Damian in love with me? I kind of doubted that. Sure, we liked each other—a lot—but love seemed like a giant leap. Being with Damian made me feel more like myself than I had in years, since before I hooked up with a cheating loser. Damian would never cheat on me. I had no facts to back up that belief, but I trusted him so much more than I'd trusted any other man in my entire life. I loved being with him, and I loved the way he made me feel, but I had no idea if I might fall for him.

Even if I did, I shouldn't let Damian feel that way about me. After meeting his family, I realized exactly how screwed up mine was. I couldn't drag him into my mess of a life. He deserved happiness and love, but I didn't know if I could give him that, or if my family would drain it out of him.

What if I was too screwed up to save? Damned by my parents' toxic relationship?

"I like Damian a lot," I said to Monica. "He's a great guy. But I think it's too early to start talking about love, especially with his mother. That's something he and I need to talk about, alone. No offense."

"I'm not offended, dear." She took my hand, turning it over so the palm faced up. Head down, she ran her fingers over the lines on my palm. "I like you, Heidi, but I can't give your relationship with Damian my blessing until I've spent more time with you."

"My relationship with him is something Damian and I should discuss without anyone else involved. I hope you and I can be friends, but honestly, the only person whose opinion matters to me is Damian."

She peered up at me, her head still bowed. "Your lines tell me a lot about you, but what you've said tells me even more."

My mouth had gotten dry, and I couldn't think of any response. What had I said? I wasn't sure which words that came out of my mouth had told her what she needed to know.

She clasped my hand in both of hers and met my gaze. "Your loyalty and spirit are a comfort to me."

Monica released my hand, then walked into the dining hall.

What on earth had she been talking about? I had no idea what our conversation had proved to her. Maybe she'd been reading my palm, and that had comforted her. Whatever.

I wandered into the dining hall, to the table where the Petrescus had gathered. The only empty seat was right next to Damian, so I sat down there.

Damian laid his hand on my thigh and murmured, "Mom saved that seat for you."

"What?"

"Stefan wanted to sit there, but she told him to move his ass. Well, she told him to 'relocate your derriere,' but it's the same thing. She wanted you to sit beside me." He squeezed my thigh, aiming his sweet smile at me. "Mom likes you."

"Oh. I'm glad."

"But not as much as I like you."

Warmth blossomed in my chest, blooming outward until it suffused my entire body. It wasn't lust, though. This feeling stemmed from something softer and sweeter, something that touched a part of me no one had ever managed to touch before. How did Damian always know the right thing to say? How did he pull off being arrogant and dirty but tender and caring too? The contradictions somehow made sense because he was…Damian.

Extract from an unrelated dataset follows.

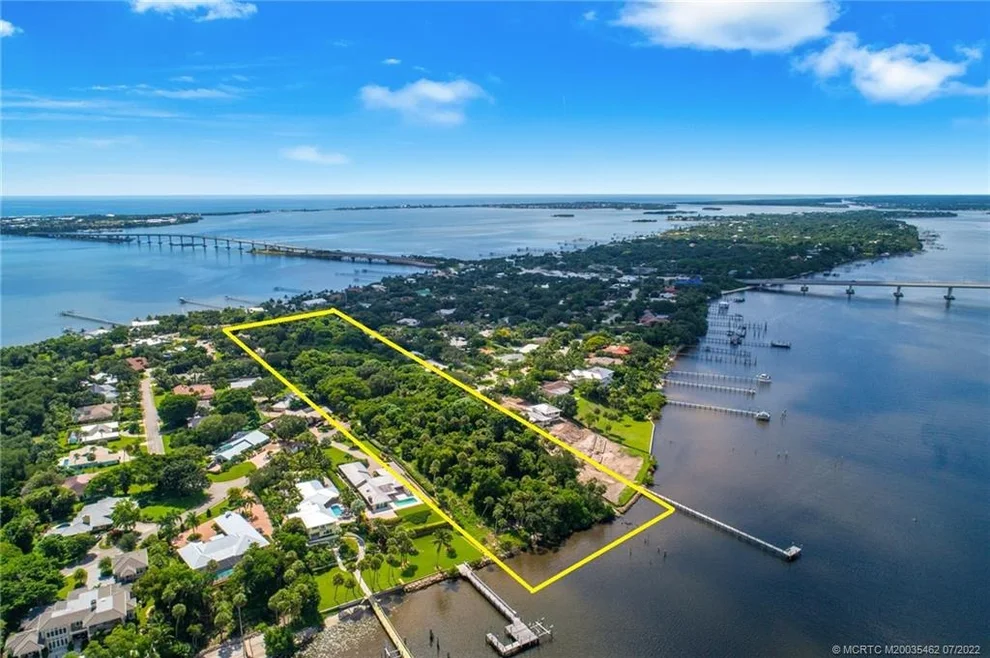 Unit for sale at 33 N Sewalls Point Road, Sewalls Point, FL 34996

I didn't get a chance to respond to what he'd said. His brother started talking to him, and I enjoyed listening to their banter. They loved to tease each other, but underneath the sarcasm, I could tell they loved each other. They loved their parents too, and Monica and Adrian adored their sons.

My parents had worried more about whose fault this or that was than about whether I had a happy childhood.

A lump hardened in my throat.

But then Damian squeezed my thigh again, flashing me his heart-melting smile, and I forgot to worry about the past.